= Independent Theatre =

Theatre company in Sydney, Australia

Independent Theatre, formerly known as The Independent Theatre Ltd., was an Australian dramatic society founded in 1930 by (later Dame) Doris Fitton in Sydney, Australia. It is also the name given to the building it occupied from 1939 (then known as the Coliseum Theatre), now owned by Wenona School, in North Sydney, cited as Sydney's oldest live theatre venue.

==History==
The society was named for London's Independent Theatre Society founded by J. T. Grein and was one of several amateur drama groups of high standard which sprang up in Sydney in the 1930s to fill the gap left by the closure of all but two professional theatres (the last spoken-word theatre to close was The Criterion theatre in 1936, leaving only the Tivoli, which ran vaudeville, and the Theatre Royal, which played musicals and ballets). The range of plays essayed was impressive – from classics to avant-garde pieces, from recent West End and Broadway successes (sometimes the Australian premiere) to offerings from local dramatists. The death of Fitton's co-producer Peter Summerton in 1969 put extra strain on her deteriorating health, and with no-one able or willing to fill her shoes, the Independent closed in 1977.

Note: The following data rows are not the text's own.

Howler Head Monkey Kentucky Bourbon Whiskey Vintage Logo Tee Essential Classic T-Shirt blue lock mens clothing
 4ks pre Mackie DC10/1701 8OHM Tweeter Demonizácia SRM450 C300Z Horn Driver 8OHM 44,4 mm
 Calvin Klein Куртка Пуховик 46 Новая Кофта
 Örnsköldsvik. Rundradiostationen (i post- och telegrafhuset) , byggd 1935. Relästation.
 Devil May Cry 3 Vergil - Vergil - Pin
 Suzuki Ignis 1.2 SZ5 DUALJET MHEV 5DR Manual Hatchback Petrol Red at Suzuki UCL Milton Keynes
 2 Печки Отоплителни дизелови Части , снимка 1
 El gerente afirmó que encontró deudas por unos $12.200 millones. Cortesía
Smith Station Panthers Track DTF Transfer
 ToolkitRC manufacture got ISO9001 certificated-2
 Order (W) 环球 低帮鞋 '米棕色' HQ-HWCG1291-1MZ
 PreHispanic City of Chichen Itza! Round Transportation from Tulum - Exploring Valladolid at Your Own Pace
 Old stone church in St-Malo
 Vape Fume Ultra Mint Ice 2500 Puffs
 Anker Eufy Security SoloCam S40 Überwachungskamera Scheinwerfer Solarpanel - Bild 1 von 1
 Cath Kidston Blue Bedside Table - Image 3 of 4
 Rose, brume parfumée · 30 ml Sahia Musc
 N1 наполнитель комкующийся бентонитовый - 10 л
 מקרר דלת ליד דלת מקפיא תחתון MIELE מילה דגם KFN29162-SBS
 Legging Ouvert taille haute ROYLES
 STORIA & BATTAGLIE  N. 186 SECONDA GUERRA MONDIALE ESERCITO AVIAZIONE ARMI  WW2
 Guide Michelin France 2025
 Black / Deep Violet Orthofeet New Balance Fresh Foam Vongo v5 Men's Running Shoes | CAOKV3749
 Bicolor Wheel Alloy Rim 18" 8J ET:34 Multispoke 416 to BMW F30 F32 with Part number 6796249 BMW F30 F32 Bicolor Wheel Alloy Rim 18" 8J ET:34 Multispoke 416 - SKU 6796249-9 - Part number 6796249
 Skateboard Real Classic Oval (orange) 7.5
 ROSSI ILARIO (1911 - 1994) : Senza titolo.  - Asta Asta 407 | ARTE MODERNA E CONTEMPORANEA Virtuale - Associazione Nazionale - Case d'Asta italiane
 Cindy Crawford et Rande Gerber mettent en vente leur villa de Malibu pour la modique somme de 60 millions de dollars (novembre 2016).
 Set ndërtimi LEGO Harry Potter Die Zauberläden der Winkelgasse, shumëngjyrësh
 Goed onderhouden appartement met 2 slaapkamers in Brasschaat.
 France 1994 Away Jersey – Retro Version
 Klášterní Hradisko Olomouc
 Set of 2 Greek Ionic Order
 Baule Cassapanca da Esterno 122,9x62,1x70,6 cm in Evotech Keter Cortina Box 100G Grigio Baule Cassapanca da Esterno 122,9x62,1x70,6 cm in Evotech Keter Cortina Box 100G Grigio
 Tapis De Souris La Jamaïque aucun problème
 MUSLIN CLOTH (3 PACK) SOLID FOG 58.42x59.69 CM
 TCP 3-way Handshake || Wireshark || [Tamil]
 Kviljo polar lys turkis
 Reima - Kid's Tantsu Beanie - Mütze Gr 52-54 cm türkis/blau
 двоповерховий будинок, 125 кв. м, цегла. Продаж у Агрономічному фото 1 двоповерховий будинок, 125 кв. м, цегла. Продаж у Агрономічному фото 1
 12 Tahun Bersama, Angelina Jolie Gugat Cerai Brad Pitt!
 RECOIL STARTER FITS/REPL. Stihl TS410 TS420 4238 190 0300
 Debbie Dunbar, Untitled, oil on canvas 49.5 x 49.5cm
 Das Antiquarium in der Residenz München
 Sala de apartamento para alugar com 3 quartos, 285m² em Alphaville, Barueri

In the 1990s, in serious disrepair, the theatre, Sydney's oldest, was bought by Rodney Seaborn's Seaborn, Broughton & Walford Foundation, and reopened in 1998. In 2004 it was acquired by the Australian Elizabethan Theatre Trust.

As of 2022 the Independent Theatre operates in North Sydney, in the building opened as the Coliseum Theatre in 1939, run by Wenona School.

==Venues==
Initially, Fitton's company rehearsed and played in St James' Hall. From 1931, most performances were given in The Savoy, a small single-floor cinema on Bligh Street, chiefly on Wednesday and Saturday, movies being shown on other nights. For some productions, the much larger Sydney Conservatorium of Music was hired. It would have made an ideal home for the club, but was not available for regular hire. In 1937 Fitton came to an arrangement with the Sydney Players' Club that they would share Savoy Saturday nights: five weeks for The Independent and three for the Players. But after the Players' Club had cancelled their lease of St James' Hall, the management of The Savoy evicted them both in order to become purely a cinema.

It had been intended to move to the much larger Palace Theatre, 255(?) Pitt Street, at the end of 1932 (it had been used throughout August 1931 for a particularly popular production), but that never eventuated. (It became a venue for "minnie" golf instead!)

The new clubrooms upstairs at 175 Pitt Street served as an occasional performance space from September 1938 to September 1939.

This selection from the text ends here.